◆ **WHAT YOU WILL DO**
Using the data below, set down every line from the one containing "Правоохоронці Тернопільщини розшукують" through the one containing "3 'Ambleside' 9", inclusive and unchanged. Pictures are to be skipped.

◆ **RECORDS FOR THE EXERCISE**
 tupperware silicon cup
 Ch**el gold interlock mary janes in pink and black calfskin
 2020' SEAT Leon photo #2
--
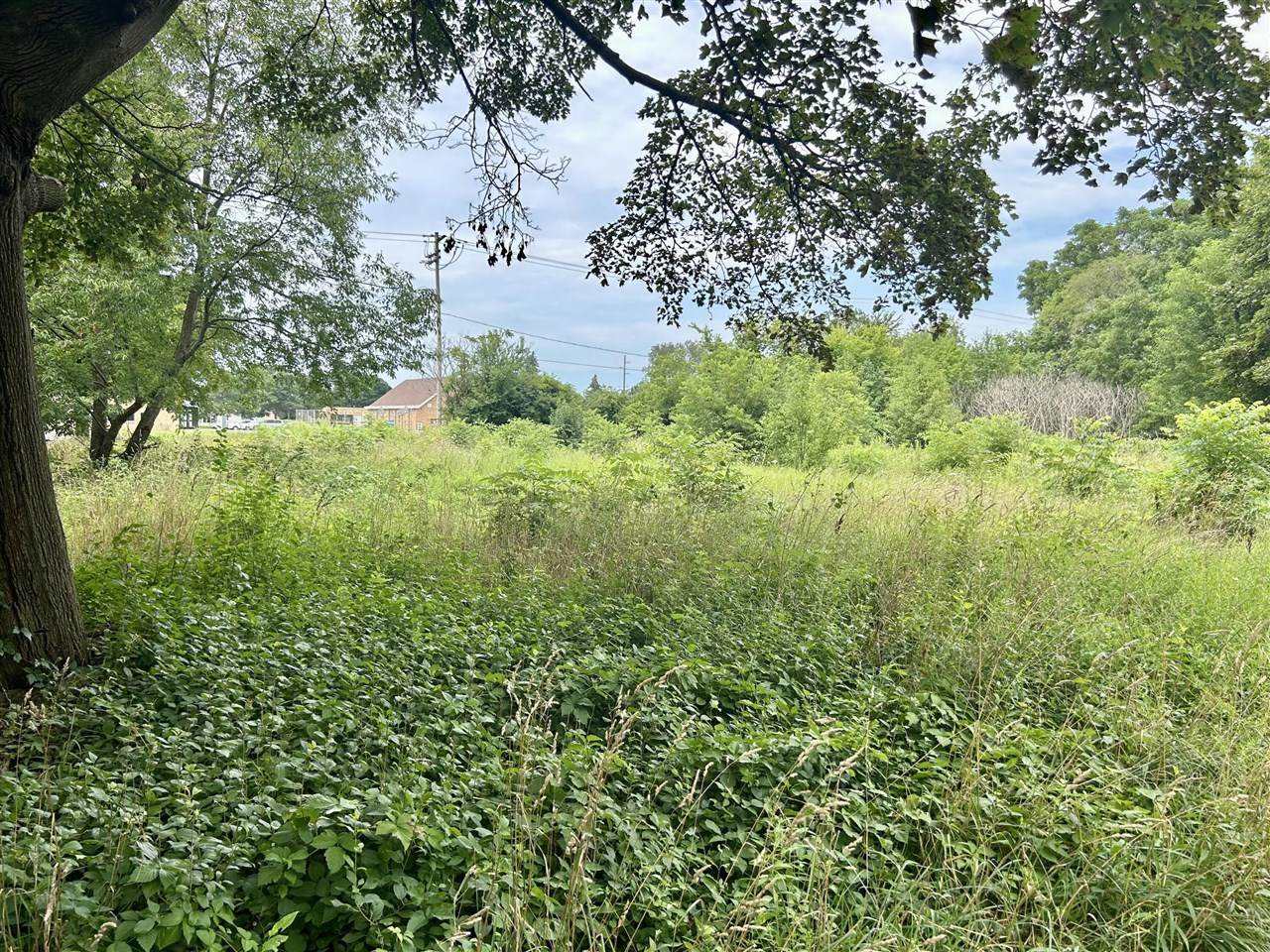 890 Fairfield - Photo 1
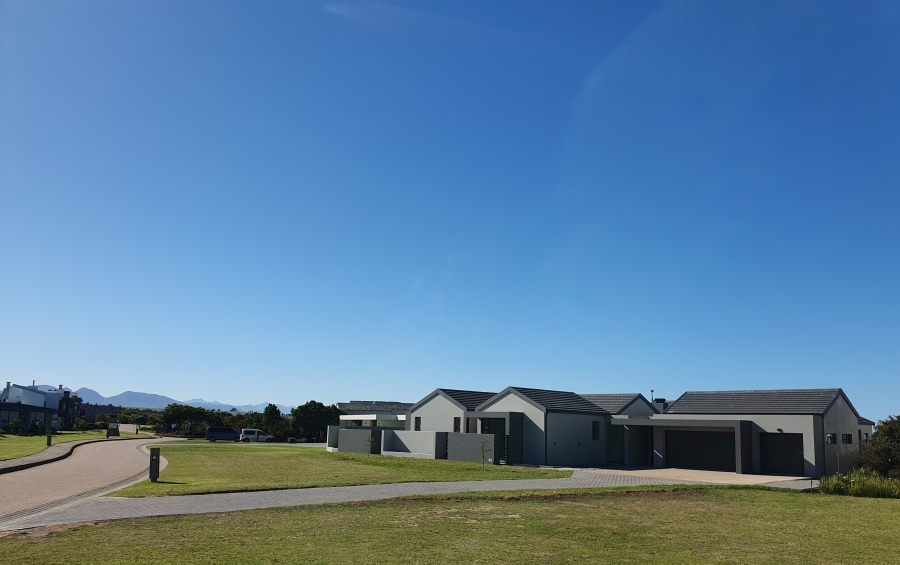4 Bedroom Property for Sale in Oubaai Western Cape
...
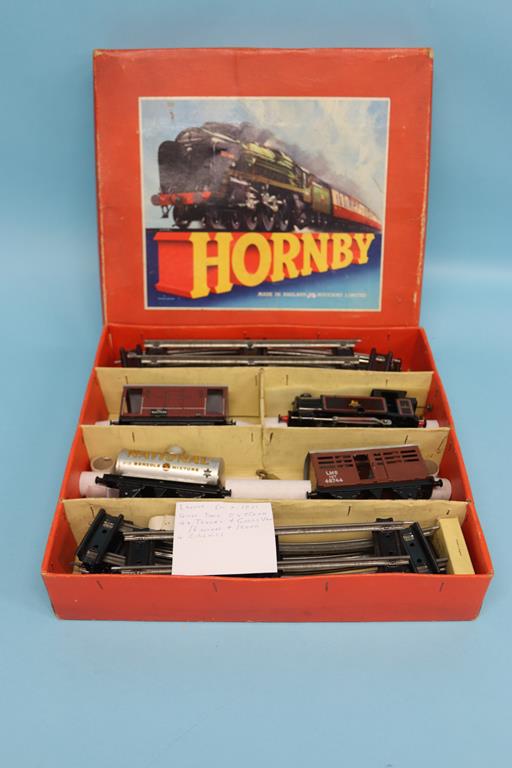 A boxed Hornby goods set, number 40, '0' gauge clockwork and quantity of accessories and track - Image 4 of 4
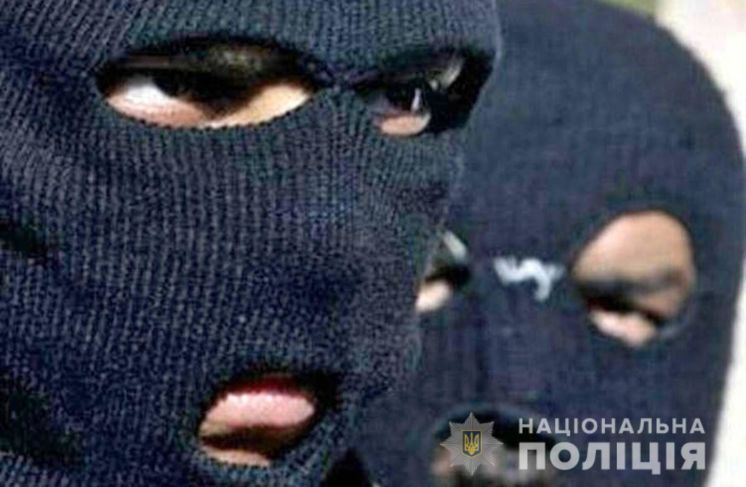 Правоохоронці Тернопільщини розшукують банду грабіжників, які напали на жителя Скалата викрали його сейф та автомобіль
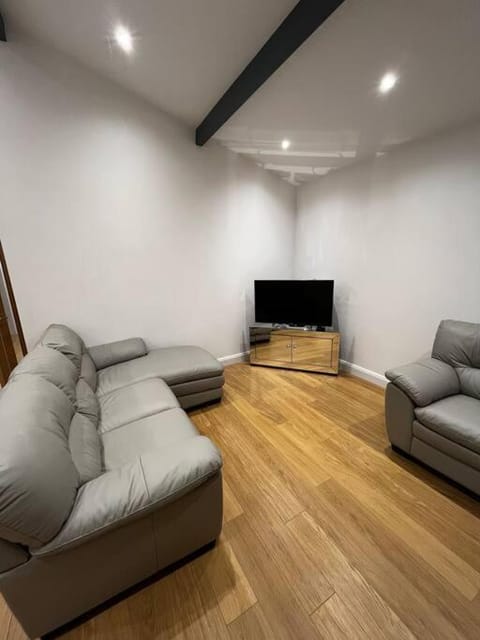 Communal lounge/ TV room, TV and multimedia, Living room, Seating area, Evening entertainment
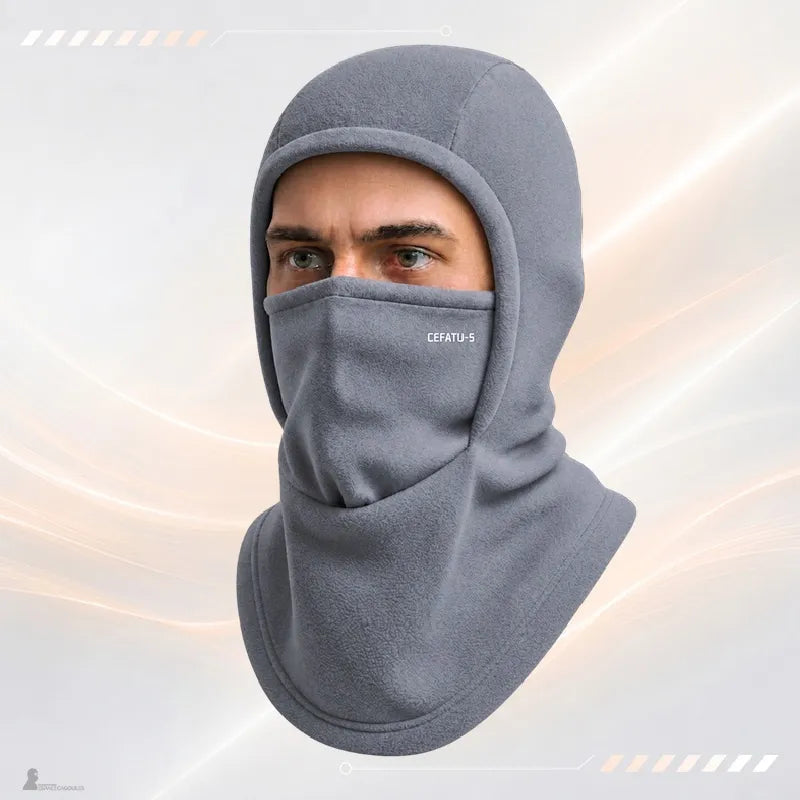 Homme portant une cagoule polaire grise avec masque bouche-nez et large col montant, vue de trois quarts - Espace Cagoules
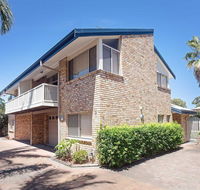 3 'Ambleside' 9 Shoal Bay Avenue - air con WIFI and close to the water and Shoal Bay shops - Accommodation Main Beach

◆ **ANSWER SPACE**
 Правоохоронці Тернопільщини розшукують банду грабіжників, які напали на жителя Скалата викрали його сейф та автомобіль
 Communal lounge/ TV room, TV and multimedia, Living room, Seating area, Evening entertainment
 Homme portant une cagoule polaire grise avec masque bouche-nez et large col montant, vue de trois quarts - Espace Cagoules
 3 'Ambleside' 9 Shoal Bay Avenue - air con WIFI and close to the water and Shoal Bay shops - Accommodation Main Beach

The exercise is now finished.